Module 10 - Table format output
Edit meObjectives
In this module, you extend the ITE application that you created in the modules 1-8.
At the end of this module, your application creates two types of output files, which can be loaded into database tables.
After completing this module you should be able to:
- Configure the ITE application for table files output
- Customize the PostContextDataProcessor composite
Prerequisites
You finished at least module 8 of the tutorial, in which you added the record deduplication.
Concepts
Imagine, you have the project requirement to split the CDRs according to the record type into two tables:
- The table VOICE_CDR contains all records with cdrRecordType 1
- The table SMS_CDR contains all other records
For the CDR repository, two database tables are the final destinations. The ITE application does not write directly into the database but generates output files, which can be loaded into the database by a separate running DbLoader application. So the output files need to have a format corresponding to the tables. These file formats are a CSV format with correct column type and order as defined in the database tables. The table format definitions are available in file production.ddl.
Customization Points
The following figure and table show the points that you need to customize in the ITE application during this module or that influence the customization like the different formats and stream schemes. Other parts don’t need to be customized because it is not necessary for this module.

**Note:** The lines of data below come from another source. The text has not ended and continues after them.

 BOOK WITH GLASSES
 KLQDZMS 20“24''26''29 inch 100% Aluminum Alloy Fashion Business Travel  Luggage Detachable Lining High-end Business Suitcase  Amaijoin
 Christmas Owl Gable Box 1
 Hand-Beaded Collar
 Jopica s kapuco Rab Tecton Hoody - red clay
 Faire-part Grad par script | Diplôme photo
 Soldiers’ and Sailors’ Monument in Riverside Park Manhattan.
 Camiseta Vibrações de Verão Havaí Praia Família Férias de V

Number | Functional Block | What needs to be customized? |
---|---|---|
1 | FileWriter | Configure the FileWriter and enable the TableFileWriter for two tables. |
2 | ChainSink/PostContextDataProcessor | Custom code is necessary to convert from record stream type to table stream type. |
Configuration
You do all configuration settings in the same manner as you did it in the previous modules. Expand teda.demoapp/Resources/config in the Streams Studios Project Explorer and open the config.cfg file. In all later steps, this opened file is referenced when talking about config.cfg.
Tasks
The configuration and customization consists of the following tasks:
- Configure the FileWriter
- Enable the PostContextDataProcessor composite
- Customize the PostContextDataProcessor composite
Configure the FileWriter
You specify the storage type tableFile
to write multiple CSV files and the table names that are used in the TableFileWriter. You configure it in the config.cfg
file of the teda.demoapp project:
ite.storage.type=tableFile
ite.storage.tableNames=VOICE_CDR,SMS_CDR
Enable the PostContextDataProcessor composite
You implement custom logic that runs after the group processing but before the storage stage. You enable it in the config.cfg
file of the teda.demoapp project:
ite.businessLogic.transformation.postprocessing.custom=on
Customize the PostContextDataProcessor
The custom logic has to generate table-row tuples for the two destination tables VOICE_CDR and SMS_CDR.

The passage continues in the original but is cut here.